RECORDS SHOWN Block Start

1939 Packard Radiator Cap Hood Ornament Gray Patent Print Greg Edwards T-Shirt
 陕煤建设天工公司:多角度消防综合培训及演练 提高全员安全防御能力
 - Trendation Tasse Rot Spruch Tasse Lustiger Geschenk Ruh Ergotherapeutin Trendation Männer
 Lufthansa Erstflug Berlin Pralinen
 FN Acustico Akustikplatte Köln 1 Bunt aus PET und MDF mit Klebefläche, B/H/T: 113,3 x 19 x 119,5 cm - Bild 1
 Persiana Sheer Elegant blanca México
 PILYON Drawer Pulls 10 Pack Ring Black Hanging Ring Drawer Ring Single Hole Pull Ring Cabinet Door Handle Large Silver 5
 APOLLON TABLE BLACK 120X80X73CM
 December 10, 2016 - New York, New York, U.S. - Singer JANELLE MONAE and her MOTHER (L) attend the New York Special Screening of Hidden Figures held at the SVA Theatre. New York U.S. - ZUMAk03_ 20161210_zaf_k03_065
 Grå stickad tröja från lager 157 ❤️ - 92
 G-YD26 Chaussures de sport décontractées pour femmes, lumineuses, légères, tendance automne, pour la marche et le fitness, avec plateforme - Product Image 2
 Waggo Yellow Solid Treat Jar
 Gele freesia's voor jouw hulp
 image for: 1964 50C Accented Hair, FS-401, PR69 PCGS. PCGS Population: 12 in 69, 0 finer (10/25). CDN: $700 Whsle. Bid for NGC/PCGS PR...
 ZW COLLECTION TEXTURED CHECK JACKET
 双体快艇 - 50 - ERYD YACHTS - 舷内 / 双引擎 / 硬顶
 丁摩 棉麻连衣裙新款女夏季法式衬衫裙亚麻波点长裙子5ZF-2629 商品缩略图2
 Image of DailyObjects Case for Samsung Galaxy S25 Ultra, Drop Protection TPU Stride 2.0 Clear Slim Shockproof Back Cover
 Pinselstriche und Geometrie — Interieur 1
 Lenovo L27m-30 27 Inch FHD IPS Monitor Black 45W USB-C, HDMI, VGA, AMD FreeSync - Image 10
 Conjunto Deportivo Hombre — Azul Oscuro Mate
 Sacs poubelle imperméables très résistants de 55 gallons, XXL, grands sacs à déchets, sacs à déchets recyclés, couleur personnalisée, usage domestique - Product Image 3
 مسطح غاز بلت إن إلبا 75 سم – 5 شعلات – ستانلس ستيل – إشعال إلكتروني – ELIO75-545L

RECORDS SHOWN Block End

Would you please return all lines of the data that include the word "Product"?

• **EXERCISE RESPONSE**
 G-YD26 Chaussures de sport décontractées pour femmes, lumineuses, légères, tendance automne, pour la marche et le fitness, avec plateforme - Product Image 2
 Sacs poubelle imperméables très résistants de 55 gallons, XXL, grands sacs à déchets, sacs à déchets recyclés, couleur personnalisée, usage domestique - Product Image 3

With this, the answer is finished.